Friday, May 08, 2020

Pinyin tone marks, mysql & accented characters

Most of the mysql UTF8 collations such as utf8_general_ci are case insensitive which also means that for sorting and comparisons, accented characters are treated as being the same even though their internal representation is different and they are returned by queries or displayed in the original form.

For the wirdz Chinese-English Dictionary this turns out to be quite convenient.  pinyin (which is a "Romanized" method of representing Chinese characters and pronunciation) has two variants: tone marks and tone numbers.

For example, the Chinese phrase  發表演講 which means to give a speech may be represented in pinyin as either  fā biǎo yǎn jiǎng   (tone marks) or  fa1 biao3 yan3 jiang3  (tone numbers).

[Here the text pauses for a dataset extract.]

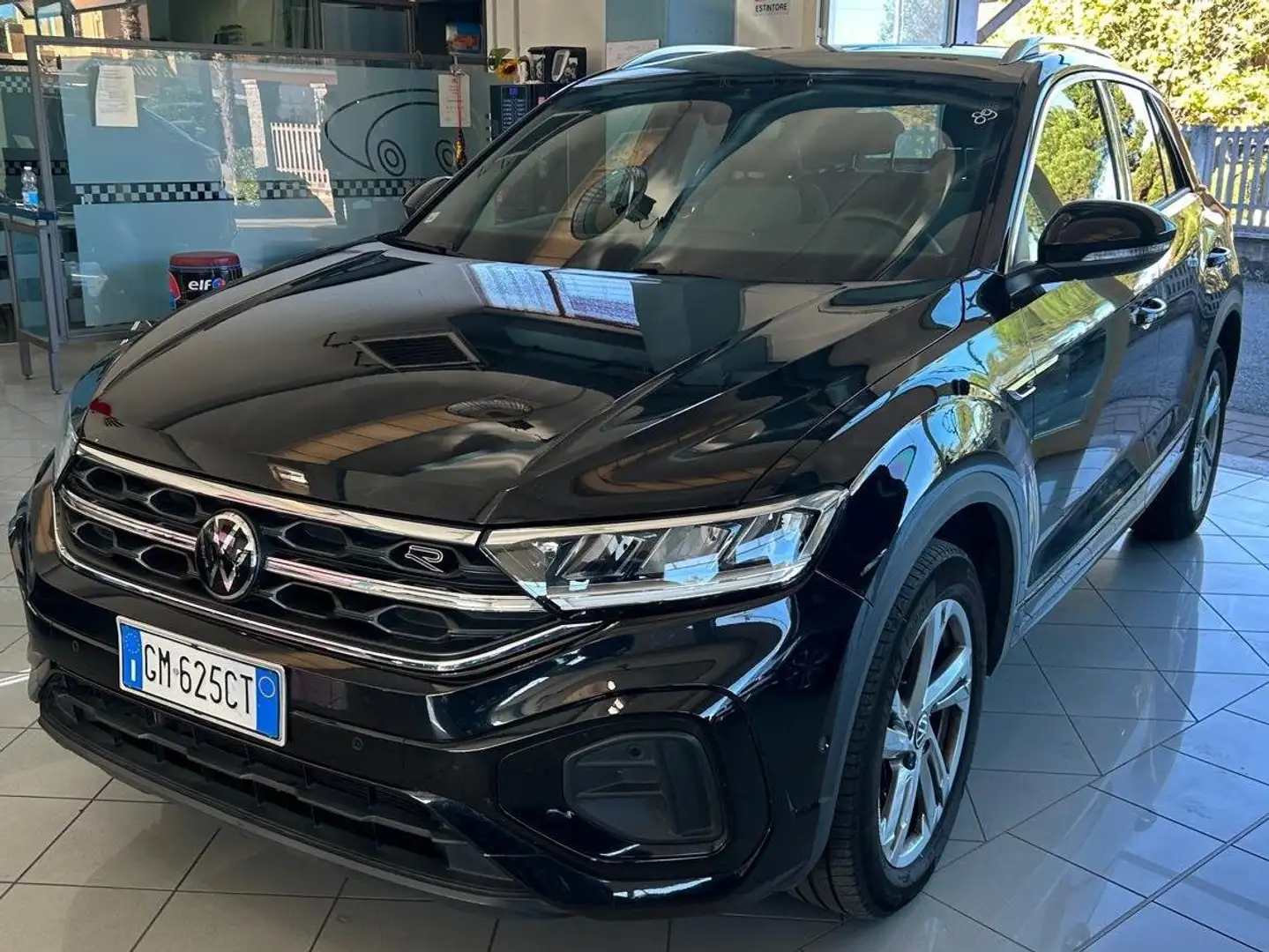 Volkswagen T-Roc T-Roc 1.0 tsi R-Line 110cv Zwart - 1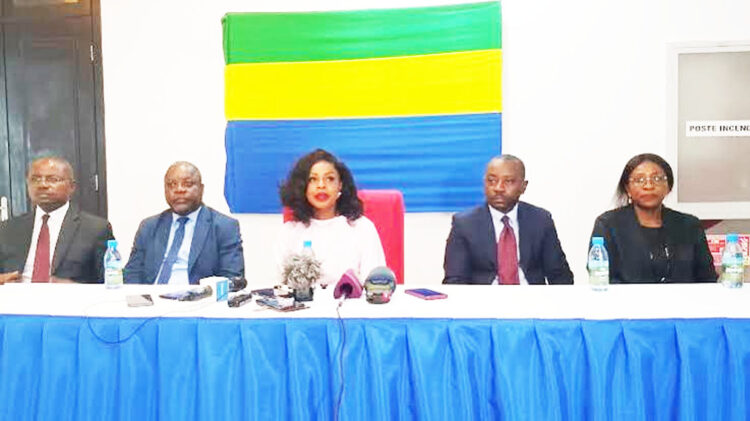 La ministre du Commerce, des PME-PMI et de l'Entrepreneuriat des Jeunes, Zenaba Gninga Chaning lors de la Conférence de presse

For dictionary look ups which simply need to locate a term (and are not directly concerned with pronunciation), mysql's case insensitivity allows unaccented look ups directly while matching directly against the accented version held on the database without needing to have an additional column for use in searches and as well the need to pre-process search terms to remove any accents.  Since search terms can be entered by cut-and-paste, both accented and unaccented entries need to be covered.

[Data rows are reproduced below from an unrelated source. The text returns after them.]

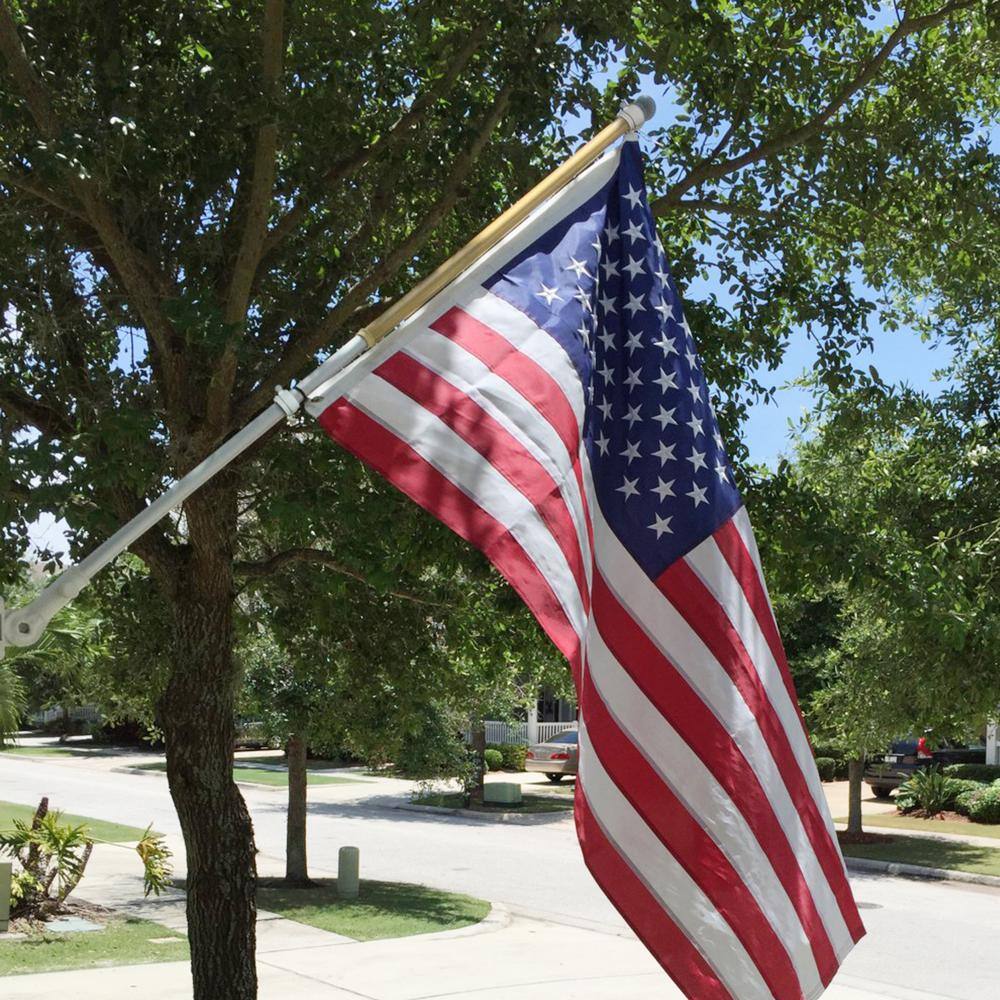 White 1-Inch Diameter Tangle-Free Flagpole Ring with Metal Clip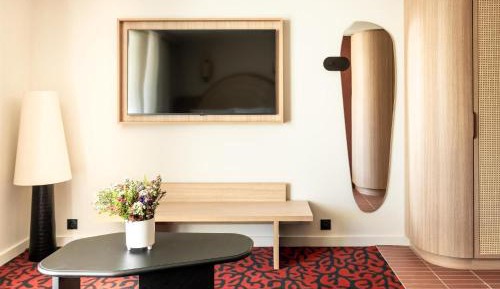 Queen Room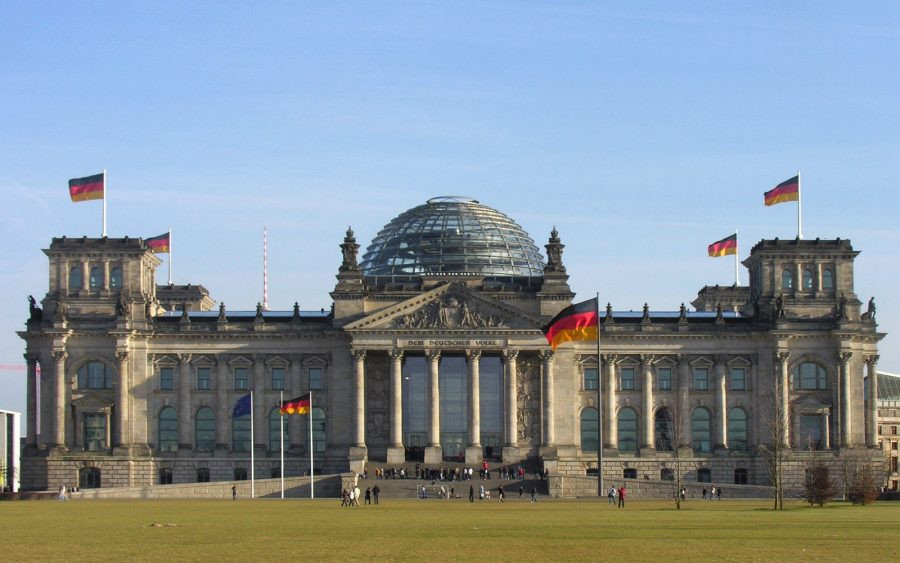 Bundestag: multa da 50 milioni alle piattaforme social che non rimuoveranno contenuti d’odio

So far so good, but there can also be the need to separate out the different accented versions.  While mysql does have case insensitive collations such as utf8_bin which can be applied at column level, this all gets a bit messy and could require the same data in two separate columns with different collations.  Collations in some circumstances can also be set within queries,  But this is also a tad messy.

If there are requirements to distinguish between accented characters, the hex function is a fairly simple option.

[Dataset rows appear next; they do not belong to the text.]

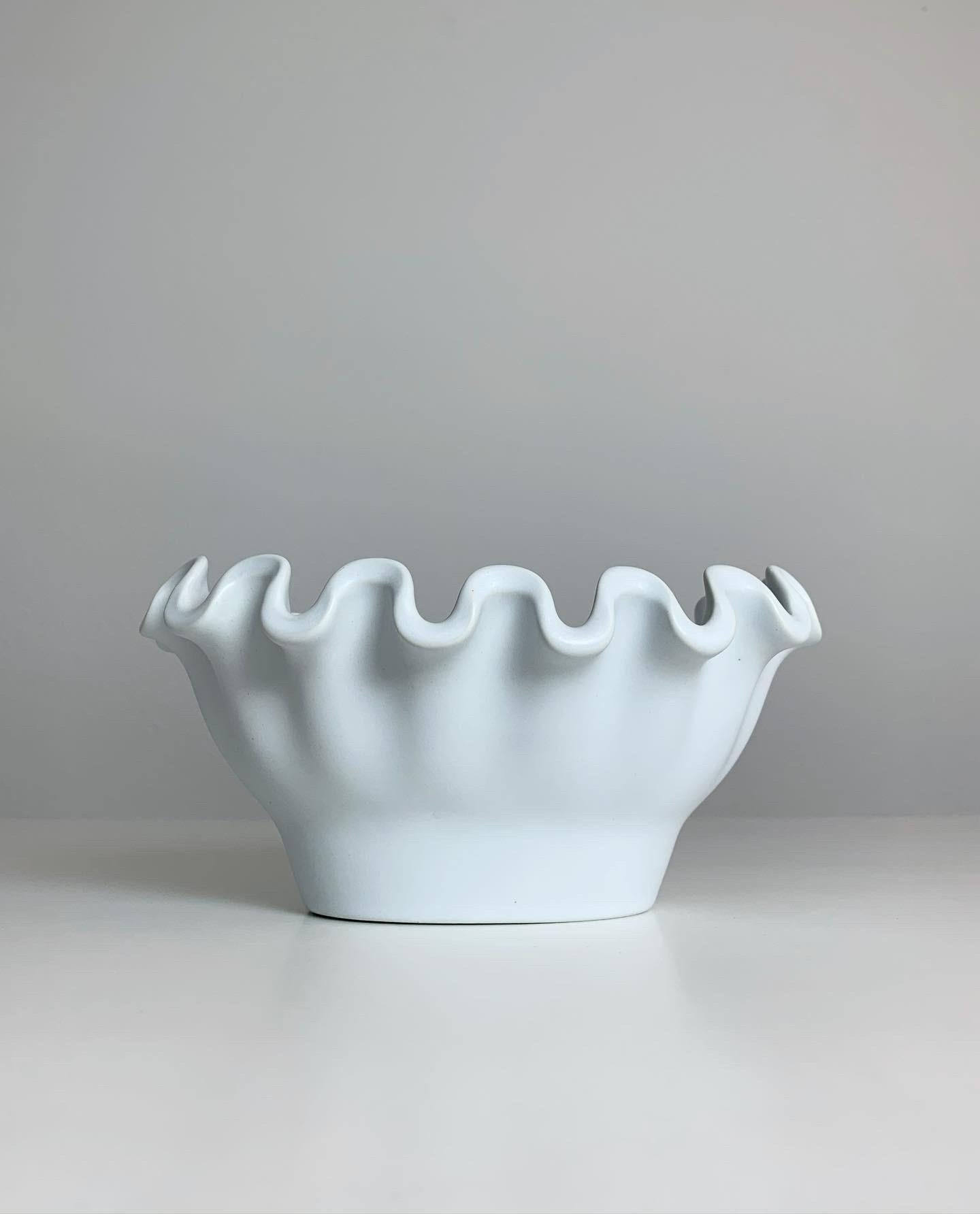 Set of Four Wilhelm Kage Vaga Bowls Gustavsberg Carrara Glaze Stoneware Sweden In Good Condition For Sale In Basel, BS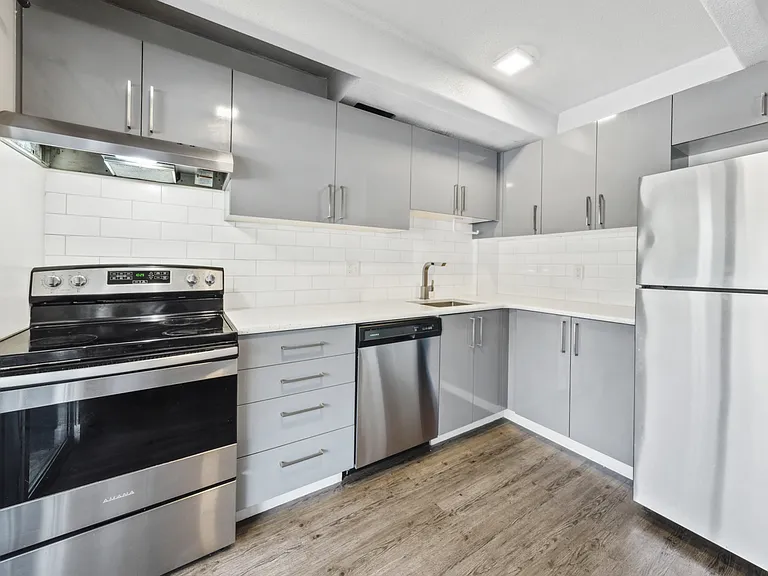 Luxe Tower apartments — Photo 6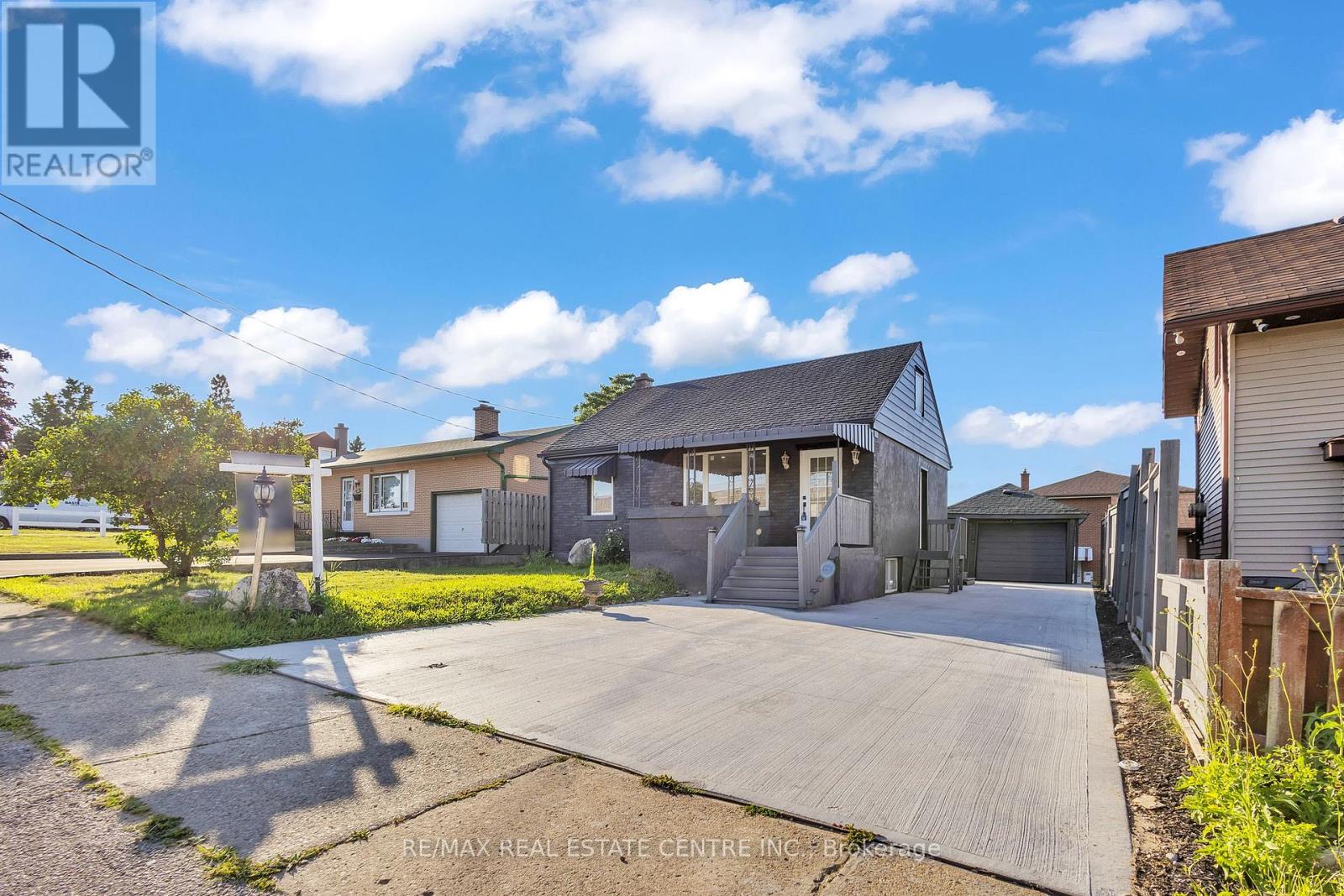 MLS® listing #28760990 for sale located at 84 AVALON PLACE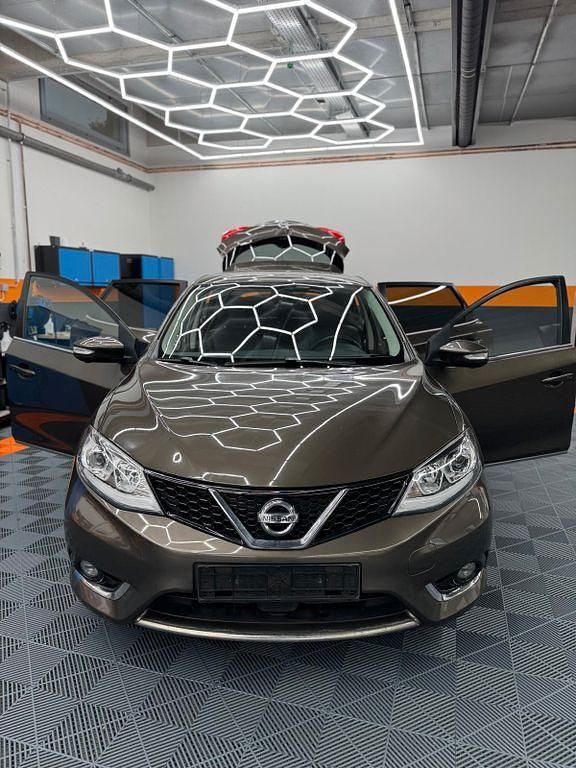 Gebraucht Nissan Pulsar Tekna 110 PS (80 kW) 2015 Gold Kleinwagen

So, for example, if c is an accented column in table T with a character insensitive collation,  and there are are only two values of c, say "a" and "ā", then select distinct s from T will return only one row (which will contain only one of the two variants) whereas select distinct hex(s), s from T will return two rows and both values.

Thursday, May 07, 2020

There are a number of interesting old dictionaries which have been digitized such that they can be relatively easily processed and uploaded to populate the mysql database table stucture used by the wirdz™ dictionary engine.

The latest addition to wirdz.com is the Sailor's Word Book, a 19th century dictionary of nautical terms created by one admiral and edited by another. 

As always, the text was never intended to be easy for automated text process, which is this case would have been over 100 years after the book was produced.  The trick is to be able to identify where the main body of the dictionary starts, where it ends, when a new term starts, whether there is a part of speech included and where the definition starts.  The Victorian type setters and the folks who undertake the digitisation are in general both well disciplined folks with strong attention to detail and consistency and so, despite there always being a few edge cases, the digitisation, which in the case of content for wirdz.com uses variations on a core tool built in Python, can be relatively straight-forward.

Wednesday, May 06, 2020

Chinese characters and escapes with AJAX and PHP

Although most of the time, UTF-8 combined with the multi-byte settings on PHP seem to do the trick beneath the hood, there is always a corner case.  In order to support Chinese character search against the English-Chinese Dictionary or Kanji/Kana searches against the Japanese-English Dictionary passing Chinese and Japanese characters via the Ajax call to the PHP back-end process is needed.  When this was tested, the characters passed to the server process, which were escaped UTF-8 did not prove to be easily converted back to UTF-8 using any of the standard PHP functions.

For example, the Chinese character string 介質訪問控制層 arrived as:

%u4ECB%u8CEA%u8A2A%u554F%u63A7%u5236

when processed through the AJAX "get" method.

After eliminating all of the standard functions, the following steps finally did the trick:

1. Replacing % with \ in the input string to get it into the form of a "standard" escaped UTF-8 string.

2. Converting the string to a string representing a single element array, i.e. "['my utf8 string']"

3. Using the json_decode function on the string.

4. Extracting the converted text string from the returned array.

Not the most obvious way to handle the problem but simple in the end!  Because the string passed to the server by the AJAX call is subject to character filtering, the risk of a false positive getting misinterpreted by the json function is minimized.